Autoridades bolivianas disseram ao Itamaraty que o brasileiro teria participado do sequestro do filho de um senador em Cobija. A mulher de Nascimento, boliviana, chegou a ser presa sob a mesma suspeita, mas depois foi solta. 

A polícia boliviana não fala do caso. Nascimento, que nega ter participado do sequestro, ainda não foi julgado.

Um policial brasileiro, Maicon Cezar Alves dos Santos, foi condenado em março deste ano no Acre a sete anos de prisão pelo sequestro de Nascimento. Em depoimento à PF, o agora ex-agente disse que três policiais bolivianos levaram a vítima a Cobija.

Nascimento ficou dois meses preso na cidade boliviana, onde diz ter sido agredido pelos carcereiros.

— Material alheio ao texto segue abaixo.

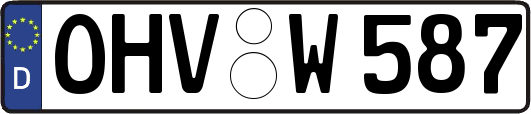 OHV-W587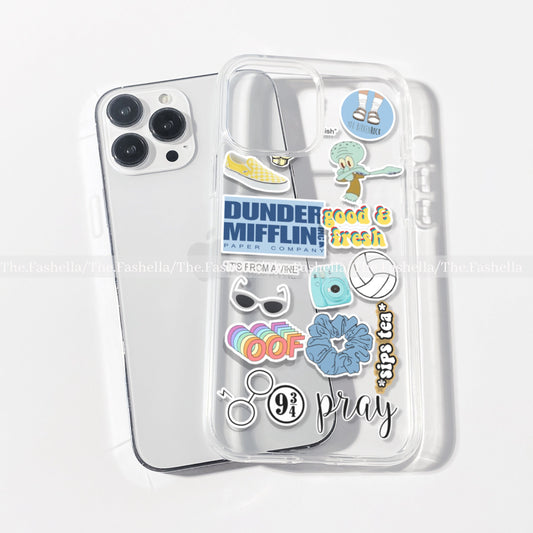 Blue aesthetic sticker case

Na sequência, foi transferido para a cadeia de San Pedro de Chonchocoro, no entorno de La Paz.

Na cadeia, há comércio informal para a venda de lanches, créditos para celular, cigarros e roupas, descreve o brasileiro, que diz passar frio porque suas roupas são inadequadas para o clima da região. 

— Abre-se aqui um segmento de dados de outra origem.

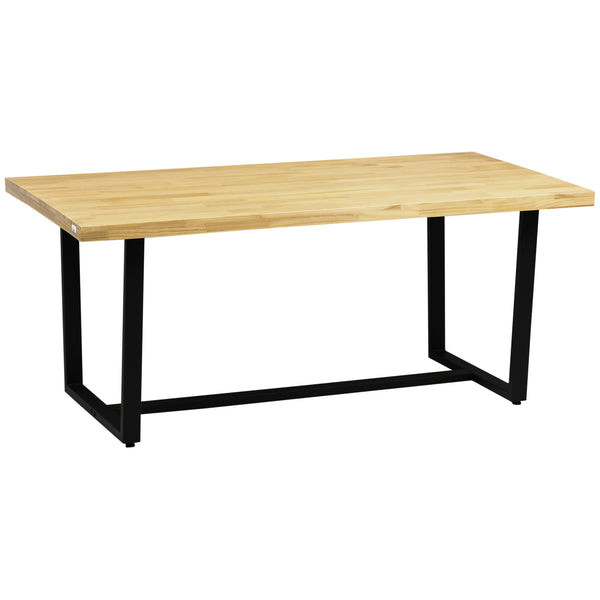 acquista Tavolo da Pranzo 180x90x76 cm in Legno e Acciaio Nero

Os presos de Chonchocoro não recebem uniforme. Amigos lhe deram algumas peças, insuficientes para aquecê-lo.

A família não tem dinheiro para ajudá-lo. A irmã, Dilma Nogueira, 37, afirma ter feito um depósito na conta de um agente penitenciário, que depois repassaria o montante a Nascimento.

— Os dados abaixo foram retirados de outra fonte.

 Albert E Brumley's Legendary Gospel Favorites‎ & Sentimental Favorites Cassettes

Para o Ministério Público do Acre, o brasileiro foi sequestrado por autoridades bolivianas em ação ilegal que violou o território nacional. "Não há dúvida de que ele foi sequestrado", diz o promotor Ildon Maximiliano, que comandou as investigações. O caso foi encerrado depois da condenação de Maicon dos Santos.

O promotor disse que o resultado do trabalho foi entregue à Polícia Federal. A reportagem tentou ouvir a PF no Acre, sem resposta. A superintendência em Brasília informou que só a unidade acreana pode tratar do assunto.

O Itamaraty diz acompanhar o caso e prestar assistência consular. Em nota, afirma que "o embaixador do Brasil na Bolívia [Raymundo Santos Rocha Magno] se reuniu com as vice-ministras das Relações Exteriores e de Assuntos Consulares da Bolívia para solicitar esclarecimentos das circunstâncias da prisão".

"Delas ouviu que Nascimento teria sido preso em Cobija, Bolívia, e não em território brasileiro", encerra a nota.

Questionada, a polícia nacional boliviana afirmou que os três policiais citados por Santos foram transferidos de Cobija, mas não informou para onde. Quanto ao possível sequestro, o órgão disse apenas que o governo boliviano já tratou do caso com Brasília.